What is required
Begin with the line holding "If this helps" and end with the last line of the records below. Set down exactly those lines and leave out every picture.

[[ Entries provided, beginning ]]

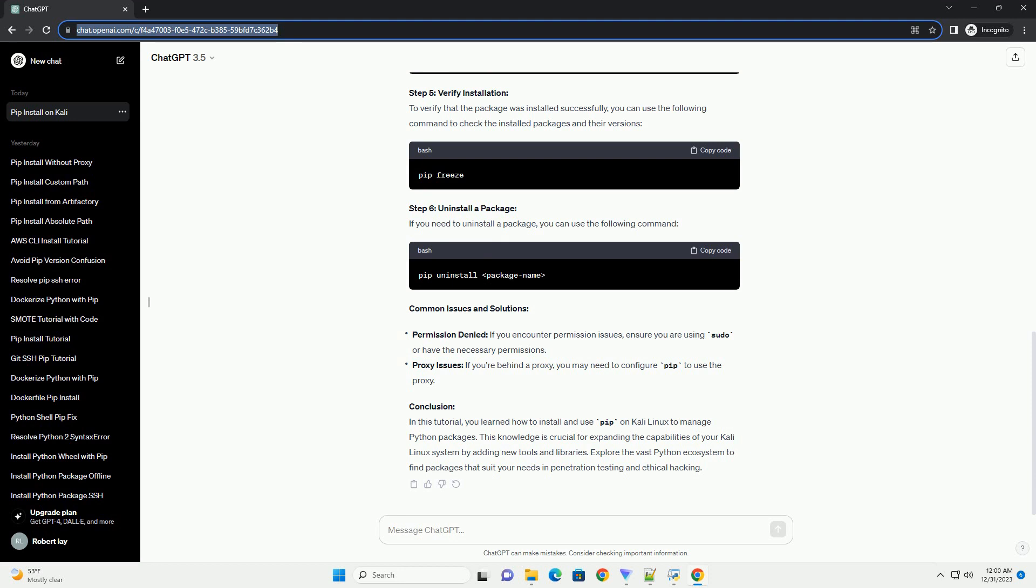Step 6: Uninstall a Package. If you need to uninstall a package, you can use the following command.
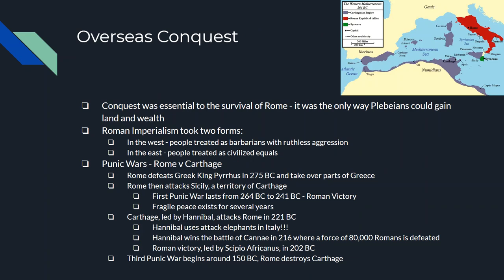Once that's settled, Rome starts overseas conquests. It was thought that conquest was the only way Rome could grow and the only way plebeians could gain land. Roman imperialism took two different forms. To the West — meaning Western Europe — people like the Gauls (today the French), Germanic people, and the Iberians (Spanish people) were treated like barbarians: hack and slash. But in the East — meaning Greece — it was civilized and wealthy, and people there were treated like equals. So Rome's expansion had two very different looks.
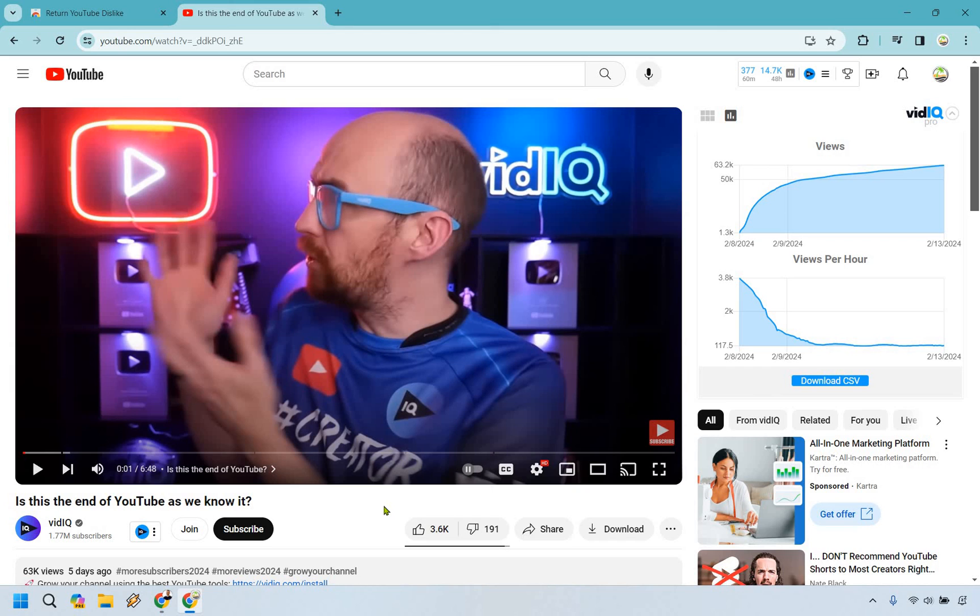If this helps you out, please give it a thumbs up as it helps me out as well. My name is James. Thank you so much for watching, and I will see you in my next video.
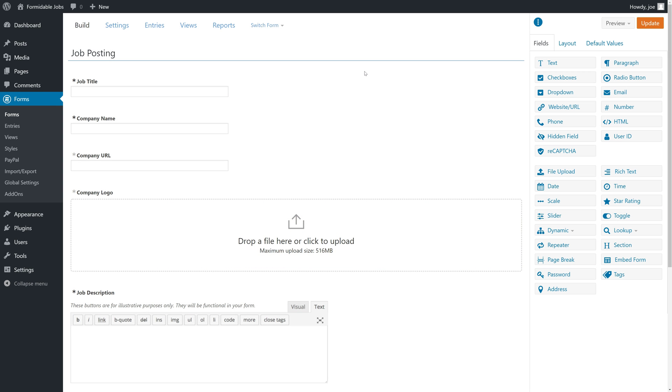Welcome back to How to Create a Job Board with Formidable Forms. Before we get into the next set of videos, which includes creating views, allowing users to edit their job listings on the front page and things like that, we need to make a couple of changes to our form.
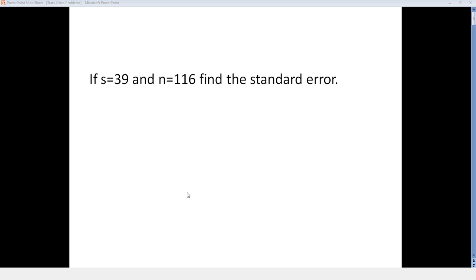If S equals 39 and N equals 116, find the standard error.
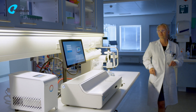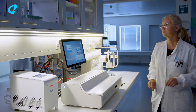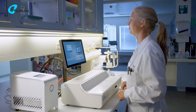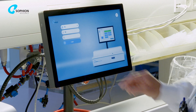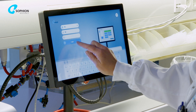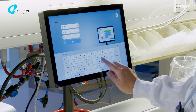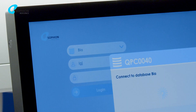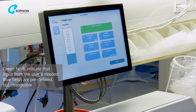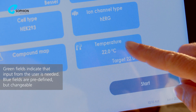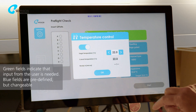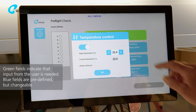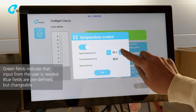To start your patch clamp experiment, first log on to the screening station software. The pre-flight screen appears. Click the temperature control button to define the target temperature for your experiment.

[[ Entries provided, end ]]

Task answer
If this helps you out, please give it a thumbs up as it helps me out as well. My name is James. Thank you so much for watching, and I will see you in my next video.
Welcome back to How to Create a Job Board with Formidable Forms. Before we get into the next set of videos, which includes creating views, allowing users to edit their job listings on the front page and things like that, we need to make a couple of changes to our form.
If S equals 39 and N equals 116, find the standard error.
To start your patch clamp experiment, first log on to the screening station software. The pre-flight screen appears. Click the temperature control button to define the target temperature for your experiment.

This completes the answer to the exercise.